Some insights into Edwin Morgan’s poetry from biographer and friend James McGonigal:

Edwin Morgan is a poet for…

Glasgow

What he loved about the city was its energy, industrial inventiveness, humour and crowded streets. He warmed to its humanity, shared its sorrows, wrote against scarring deprivation, recovered its history (real and imagined), and projected several Glasgows into the future. Poems worth checking out include ‘The Starlings in George Square’, ‘Trio’, ‘In the Snack-bar’, ‘Glasgow 5 March 1971’, ‘Death in Duke Street’, ‘The Second Life’, ‘A City’, and ‘Nine in Glasgow’ in Cathures (2002). Born here, he taught literature in Glasgow University all his working life, and became the city’s first Poet Laureate in 1999.

Scotland

He became Scotland’s laureate too, in 2004 – its first Makar or National Poet. He loved Scotland dearly and celebrated its varied landscapes, people and places, whether humorously in ‘Canedolia’, or reflectively in ‘Sonnets from Scotland’. For Morgan, part of the national poet’s job was to remind Scots that ‘if they want to achieve something in the world, and to really be taken seriously, then they need to show the world what they stand for.’ Poets, and other writers, can help them to do this. His poem ‘For the Opening of the Scottish Parliament, 9 October 2004’ gave pithy advice to its legislators.

the World, the Universe

He travelled widely, to Africa and the Middle East during World War Two, to Russia and Eastern Europe during the Cold War, to the United States, to New Zealand, to the North Pole. These places are in the poetry. ‘The New Divan’ is his mysterious long war journey. There’s a poem about flying to Lapland in Concorde. This supersonic flight was the nearest he could actually get to outer space, where he often journeyed in his imagination, as in ‘From the Domain of Arnheim’, ‘In Sobieski’s Shield’, ‘Thoughts of a Module’, ‘The First Men on Mercury’, and ‘The Moons of Jupiter’. He believed that humanity would someday create ‘A Home in Space’. In ‘Sonnets from Scotland’, time-travellers explore and wonder at this land across aeons of its past and future.

Diverse Identities

He could speak as a space module, or a Mercurian, and also as an apple, a computer, an Egyptian mummy. He was an acrobat of words and identities.
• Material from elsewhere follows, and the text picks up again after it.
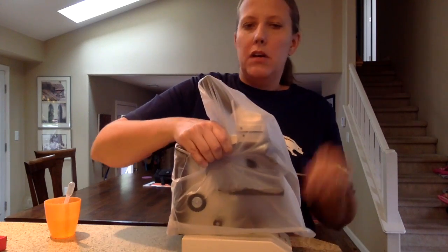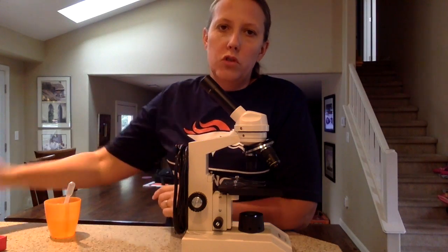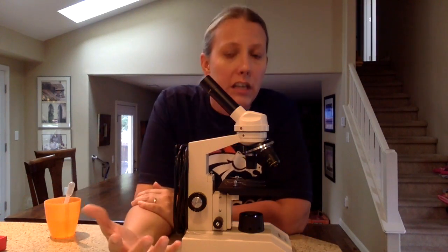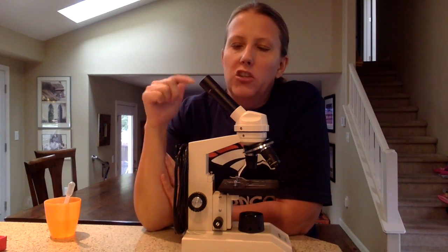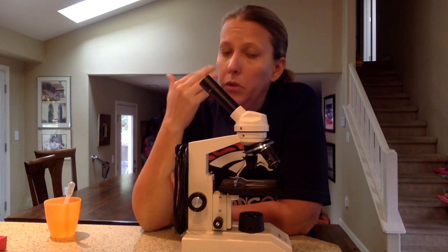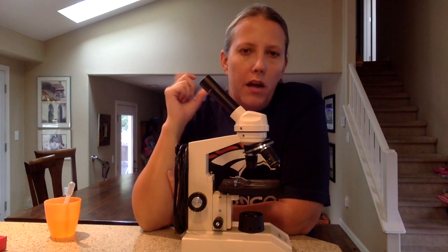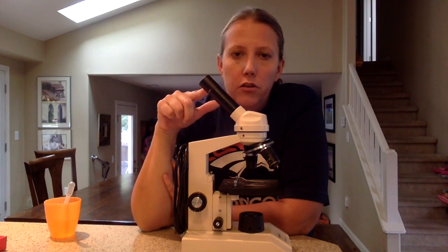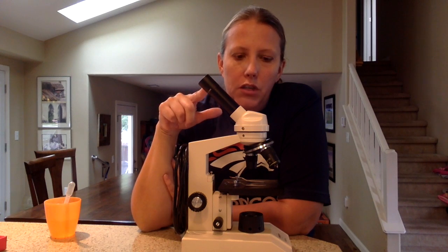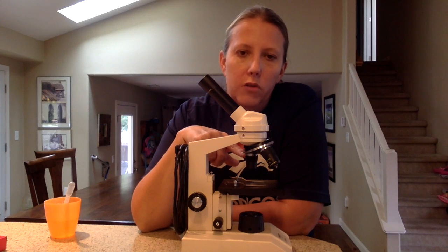One last thing: if you think the lenses are dirty, please let me know. Don't try to clean them yourself, even with Kleenex — because Kleenex, while it seems soft, will actually scratch the lenses. I have very special, very soft paper that we can use to clean either the ocular, which is the one that usually gets dirty, or even the objectives if those get dirty too.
Perhaps his own identity as a gay man, risking censure or imprisonment through most of his life, encouraged that ability to shape-shift. His love poems are haunting. Some deal with loss or transience, as in ‘One Cigarette’, Absence’ or ‘Dear man, my love goes out in waves’, or with the physical risks of a marginalised lifestyle, as in ‘Glasgow Green’ or ‘Christmas Eve’. But they also celebrate ways in which all loving couples share the tender details of everyday life together, as in ‘Strawberries’. His writing of gay and queer experience had a significant impact on social attitudes and political change in Scotland. His voice spoke for many young or isolated gay people, with an advocacy that was subtle but powerful in effect. The present generation of Scots is markedly more liberal than in Morgan’s time.

Partnerships and Collaboration

Morgan was an individualist, in some senses a loner. And yet he was also an inspirer of creative partnerships – in art, photography, opera, music and drama, cultural journalism and poetry in performance. His early support was invaluable to an array of ground-breaking poets and artists: Ian Hamilton Finlay, Alasdair Gray and Thomas A. Clark, Tom Leonard, Liz Lochhead and Jackie Kay, Richard Price, David Kinloch, Peter McCarey and Robert Crawford, to name only a few. He took part in or inspired such creative movements as Concrete Poetry and Informationism. His work in drama with Communicado Theatre and TAG (Theatre About Glasgow); in jazz with Tommy Smith and in rock music with Idlewild; in art with John Furnival and Ron O’Donnel; in opera with Thomas Wilson and Kenneth Leighton … all these were influential too.

Such lists could be extended. In fact, they continue to grow through the Edwin Morgan Trust. You can see details of new creative work we have supported, in poetry and across the arts, in the following pages.

Most of the poems mentioned here are in Edwin Morgan, Centenary Selected Poems, edited by Hamish Whyte, published by Carcanet Press in 2020.